As mentioned before, some of the information can be uploaded in a database, some is protected by CC-by-SA.
From the development team's side, we provide the structure to host all this data, but we don't plan to make an automatic import of all the data from Wiktionaries. Every decision about the content should belong to the communities. Knowing this, several solutions are possible :
  • Add no data from Wiktionary in the database, and start the work from scratch
  • Import only data that its author on Wiktionary explicitly says that it's OK to upload in CC0
  • Give a different license to a part of Wikidata, separate installation or namespace (which would strongly complexify the database, be a problem for reuse and understanding the project)
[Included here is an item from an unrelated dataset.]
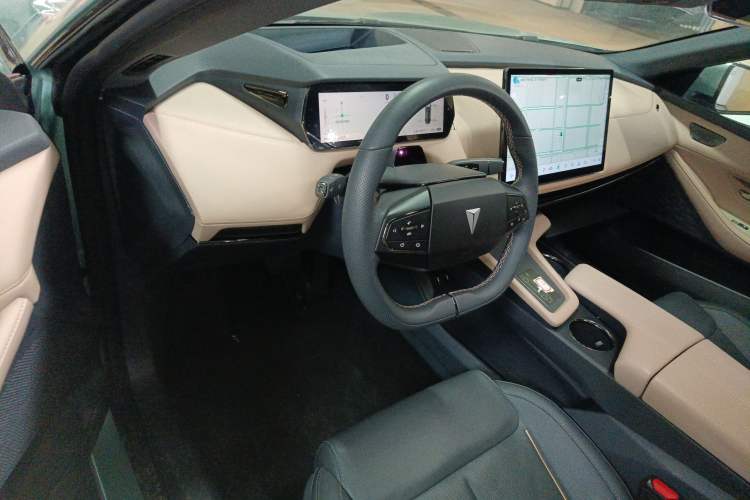 Used  SL03 2022 515 Pure Electric Version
  • Start a collective decision in the communities to allow the reuse of all their data in CC0
Besides the legal questions, I think we should remember that our goal is to provide free knowledge, easily accessible to a large amount of people, I question ourselves about how to achieve that.
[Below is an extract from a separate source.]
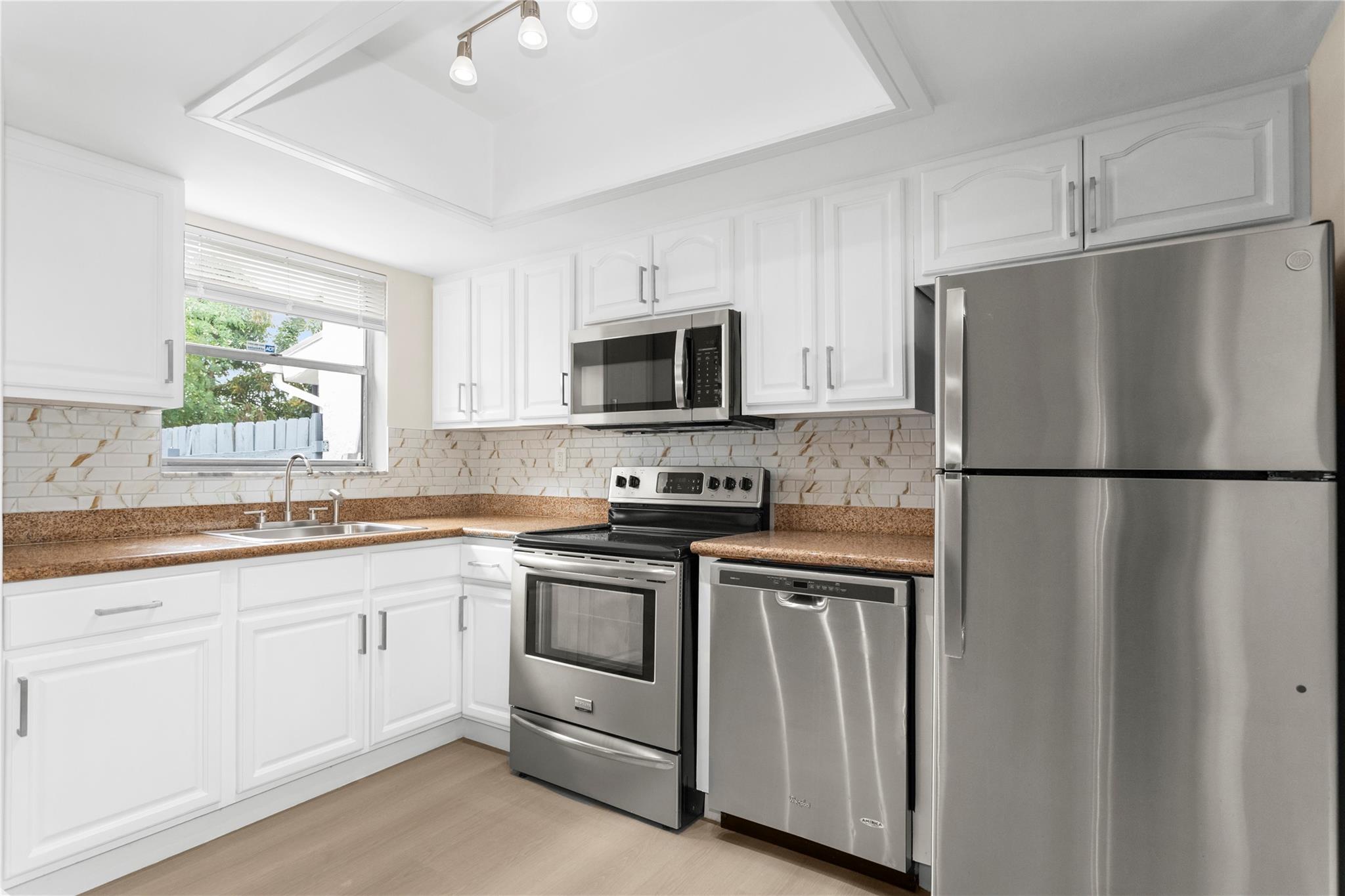 1304 SILVERADO DR 1304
We're still trying to figure out this problem, asking for advices and reading documentation, and open to discussion. Lea Lacroix (WMDE) (talk) 09:55, 16 September 2016 (UTC)[reply]
I'm no lawyer. As far as I understand shared commons licenses don't forbid anything. To the extend they do something they just allow certain actions. By copyright law facts in themselves have no copyright.
On the other hand databases do have copyright. The Wikimedia foundation has a copyright on the Wikidictionary database and can allow entities to forbid or allow them to use the republish the database. In this case the Wikimedia foundation could forbid the Wikimedia foundation from copying data, but it likely won't do that. If we don't look at the legal person then the Wikidictionary community is the owner of the Wikidictionary database and might be asked to allow the data to be copied to Wikidata.
I would prefer not having CC-SA for parts of Wikidata even if that means there's less data in Wikidata. ChristianKl (talk) 20:18, 16 September 2016 (UTC)[reply]
No, databases do not have copyrights. In some jurisdictions, databases have a sui generis database right. See also Luis' blog entry on that. Also, a text by me on databases and rights. --Denny (talk) 20:30, 16 September 2016 (UTC)[reply]


One should be aware that copyright is not the only legal constraint regarding database use, see sui generis for example. --Psychoslave (talk) 08:50, 27 August 2017 (UTC)[reply]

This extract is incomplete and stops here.